Bush parroted the Heritage Foundation suggestion that "'New Orleans and other affected areas' be declared 'Opportunity Zones'." Bush said in his address:

"I propose the creation of a Gulf Opportunity Zone, encompassing the region of the disaster in Louisiana, Mississippi and Alabama. Within this zone, we should provide immediate incentives for job-creating, investment tax relief for small businesses, incentives to companies that create jobs, and loans and loan guarantees for small businesses, including minority-owned enterprises, to get them up and running again."
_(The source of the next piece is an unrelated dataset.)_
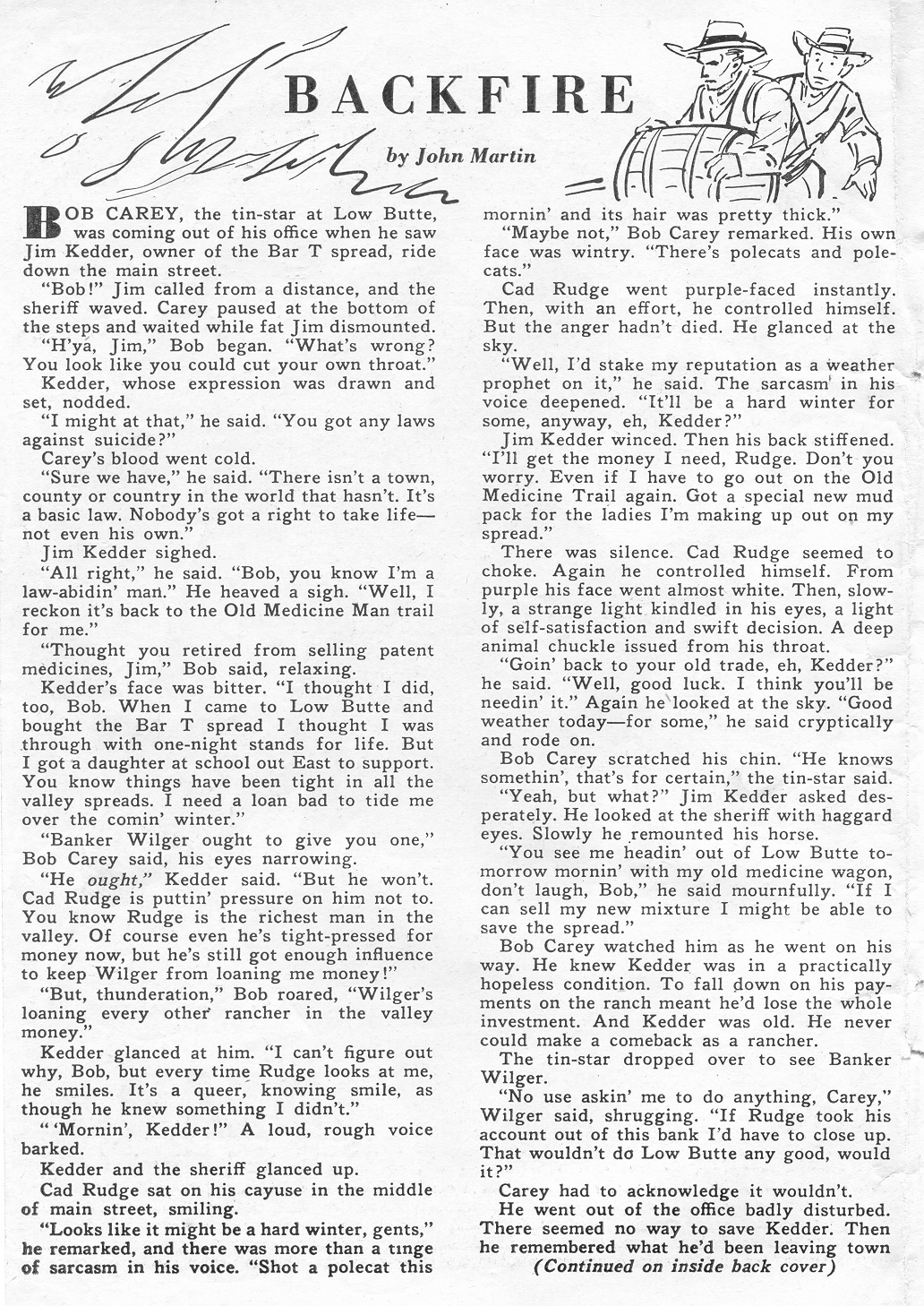 Read online Lash Larue Western (1949) comic -  Issue #45 - 2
"Businesses in the GO Zone would be eligible for the benefits through 2007." [10]

Related Links

Worker Recovery Accounts

Bush said in his September 15, 2005, address:

"I propose the creation of Worker Recovery Accounts to help those evacuees who need extra help finding work. Under this plan, the federal government would provide accounts of up to $5,000, which these evacuees could draw upon for job training and education to help them get a good job and for child care expenses during their job search."

Urban Homesteading Act

Bush said in his September 15, 2005, address:

"I also propose that Congress pass an Urban Homesteading Act. Under this approach, we will identify property in the region owned by the federal government, and provide building sites to low-income citizens free of charge, through a lottery. In return, they would pledge to build on the lot, with either a mortgage or help from a charitable organization like Habitat for Humanity."

Related Links


  • "Katrina will suck away workers, materials and funds that otherwise could have been gone to other, potentially more productive uses elsewhere in the country." --Martin Wolk, MSNBC, September 9, 2005. [11]
  • "The history of this administration has been to dismantle the institutions that protect our citizens, privatize essential budget services, cut budgets when resources were desperately needed, roll back protections of every sort, and cut accountability for public outcomes." --Center for American Progress, September 15, 2005. [12]
  • "The Bush Approach to Gulf Reconstruction: A Conservative’s Ideological Playground. The Bush administration’s plan to rebuild the Gulf unfortunately resembles its plan to rebuild Iraq: inflexible ideological commitments block commonsense steps, the winners are the contractors, and the losers are the ordinary people we are supposed to be helping." --Center for American Progress, September 15, 2005. [13]
  • "Few deny the need to rebuild; the debate is how. But the nexus between the revolving door and the push for privatizing the process means that many decisions will be in the hands of corporate consultants and contractors—hands whose grip on the government is now so tight that they are close to being able to—as Grover Norquist so aptly put it —'shrink government down to the point where it can be strangled in a bathtub.' The problem for the rest of us, of course, is that this kind of strangulation of government services won't make things any cheaper." --Charlie Cray, Tom Paine.Common Sense, September 13, 2005. [14]
  • Senator Nancy Pelosi (D-California) has "expressed concern that Bush's vision of a rebuilt New Orleans will be a gentrified city that will be too expensive for many displaced residents to live. And she warned that the president will try to suspend labor laws that guarantee relief workers the prevailing wage, and will instead offer no-bid contracts to large companies that will earn big profits by paying only the minimum wage," Marc Sandalow wrote in the September 15, 2005, SF Gate.